The name is a play on words that tells you almost everything you need to know. In French, écluse means the locks on a canal system — the gates that control flow from one level to the next. The proprietor’s last name is Lock. The estate vineyard is called Lock Vineyard. From there, Steve Lock says, “the name Écluse for our wines was born.”
It’s the kind of detail that sticks: a family name woven into the French translation of itself, planted on a hillside in the Willow Creek District and turned into wine. That mix of unpretentious humor and quiet craft runs through everything Écluse does.
The Lock Vineyard
The estate sits five minutes west of downtown Paso Robles, in the cooler, marine-influenced stretch of the Westside that makes the Willow Creek District one of the most interesting growing areas in California wine. Temperatures here drop sharply after sunset, and the soils have more limestone than you’d find further east — conditions that push vines to work harder and produce grapes with more concentrated flavor and natural acidity.
Lock Vineyard has been producing fruit for 27 years. The Locks recently began a full replanting — a rare, costly commitment that most small family wineries delay as long as possible. They’re doing it right: improved irrigation, tighter vine spacing, and a path toward CCOF Organic certification. It’s the kind of investment that won’t pay off for another decade, which is exactly the kind of thing you do when you intend to be here for the long haul.
What They Make
Écluse focuses on Bordeaux and Rhône-style wines alongside estate Zinfandel — varieties that suit the Westside’s climate and the Lock Vineyard’s limestone-inflected soils particularly well. The lineup ranges from Cabernet Sauvignon, Merlot, and Grenache to Syrah, Petite Sirah, and Tannat, with whites including Chardonnay, Viognier, and Rosé rounding out the program.
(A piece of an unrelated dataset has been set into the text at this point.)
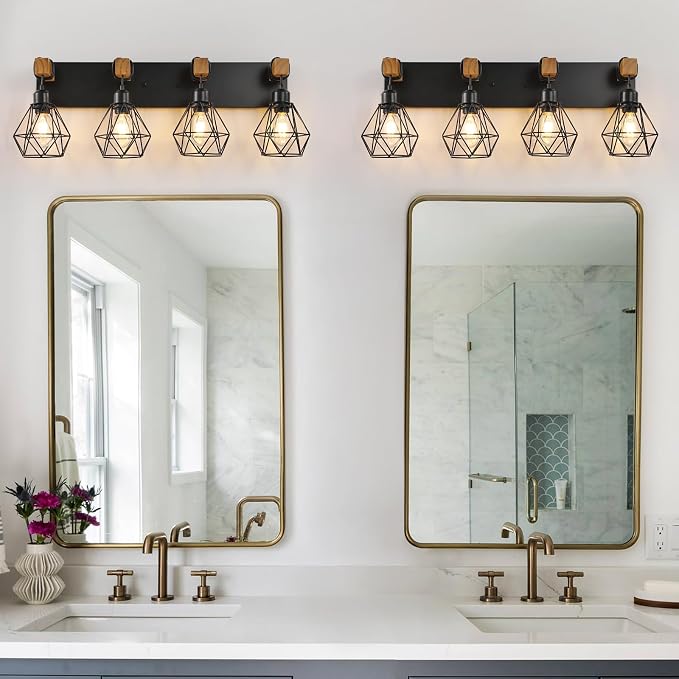 4 Light Farmhouse Vanity Light for Bathroom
The Tannat is worth calling out specifically. It’s a thick-skinned, deeply tannic Basque variety that very few Paso producers work with — and in the right hands, on the right Westside site, it develops a richness and structure that rewards patience. If you haven’t tasted Paso Tannat before, Écluse is a good place to start.
Recent Wine Enthusiast scores tell the broader story: the 2023 Lock Vineyard Syrah earned 94 points, while the 2023 Rendition and Ensemble each received 93, and the 2023 Tannat came in at 92. These are wines that compete at a level well above what the $15 tasting fee would suggest.
The Experience
Écluse does tastings the old-fashioned way — in the barrel room, not across a polished tasting bar. On any given afternoon, you might find Steve Lock himself pulling samples straight from barrel with a wine thief, talking through what the vintage delivered and what he’s still watching. There’s no script, no upsell pressure, and no choreographed flight. Just wine still in progress, and the person who made it.
The property is dog-friendly, with a picnic area for visitors who want to spend time outside after their tasting. Reservations are available through Tock; walk-ins are welcome Thursday through Sunday.
If you’re building a Westside itinerary, Écluse fits naturally into a day that might also include neighboring producers along Kiler Canyon Road — the area rewards slow driving and spontaneous stops. The 11am opening on Thursdays makes it a strong first stop before heading further into the hills.